What you have to do: Reproduce the listing word for word. Skip any image.

Input data:
- - -

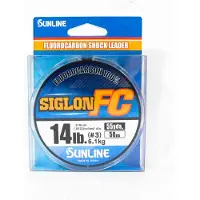 Sunline Fluorocarbon Leader Siglon FC 100% 50m 14lb Diameter 0,31mm (8319) ren
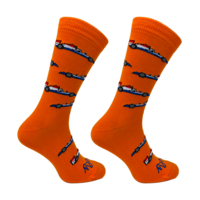 Sokken Raceauto Oranje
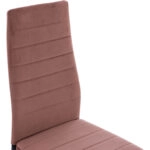 ΣΕΤ ΤΡΑΠΕΖΑΡΙΑΣ 5ΤΜΧ LADY HM21199.02 ΓΥΑΛΙ--ΜΕΤΑΛΛΟ ΣΕ ΜΑΥΡΟ & ΒΕΛΟΥΔΟ ΣΑΠΙΟ ΜΗΛΟ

- - -

Task output:
 Sunline Fluorocarbon Leader Siglon FC 100% 50m 14lb Diameter 0,31mm (8319) ren
 Sokken Raceauto Oranje
 ΣΕΤ ΤΡΑΠΕΖΑΡΙΑΣ 5ΤΜΧ LADY HM21199.02 ΓΥΑΛΙ--ΜΕΤΑΛΛΟ ΣΕ ΜΑΥΡΟ & ΒΕΛΟΥΔΟ ΣΑΠΙΟ ΜΗΛΟ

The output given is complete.